Eine neue Publikation beleuchtet die Rolle österreichischer Emigrantinnen und Emigranten in 1930/40er-Jahren für die Geschichte der Spionage im Kalten Krieg. Der Spionage-Hotspot Wien spielte dabei eine zentrale Rolle. Am 20. Februar 2025 stellte der Autor Thomas Riegler sein Werk im Deutschen Spionagemuseum vor.
Der Historiker Thomas Riegler setzte sich bereits in mehreren Publikationen mit den Themen Spionage, Terrorismus und Militärgeschichte auseinander. Seine neueste Publikation Der Wiener Spionagezirkel. Kim Philby, österreichische Emigranten und der sowjetische Geheimdienst beschäftigt sich mit Agentenbiografien, deren Spionagekarriere in Wien begann und deren Wirken für den sowjetischen Geheimdienst den Kalten Krieg maßgeblich beeinflusste.

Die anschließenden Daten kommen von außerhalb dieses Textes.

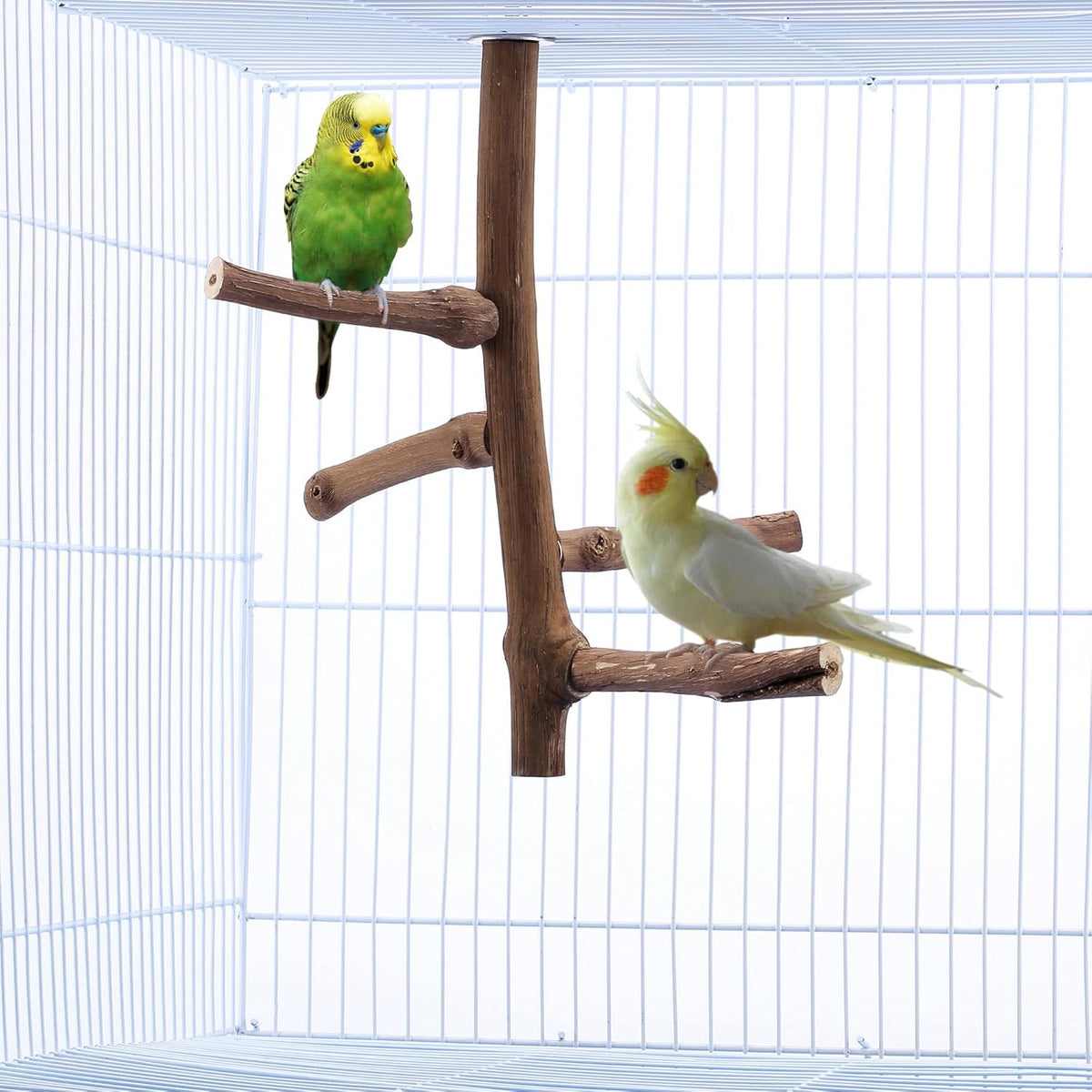 Bird Perch Stand Toy, Natural Grapevine Wood Parrot Perch Bird Cage Branch Accessories for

Im Gespräch mit der Literaturwissenschaftlerin Sabine Kebir erläuterte Riegler, dass ihm die Beschäftigung mit der Materie äußerst leichtgefallen sei. Er könne sich kaum ein spannenderes Thema vorstellen als Spionage. Mit der Darstellung der Wiener Spionagebiografien möchte er Einblicke in Aspekte der Spionagegeschichte geben, die so detailliert bisher kaum geschildert wurden, aber dennoch hohe Relevanz besitzen.
Dreh- und Angelpunkt seiner Schilderungen ist das Wien in der Zeit zwischen den beiden Weltkriegen, denn hier beginnen gleich mehrere weltbewegende Spionagekarrieren. Prominentestes Beispiel in Rieglers Buch ist Cambridge Five-Mitglied Kim Philby.
Dieser wurde in den 1930er-Jahren vom Agentenführer Arnold Deutsch für den sowjetischen Geheimdienst rekrutiert und machte später als Doppelagent Karriere beim britischen MI6. Insgesamt 20 Agenten rekrutierte Deutsch in dieser Zeit, Riegler nennt ihn einen der bedeutendsten Agentenführer des 20. Jahrhunderts.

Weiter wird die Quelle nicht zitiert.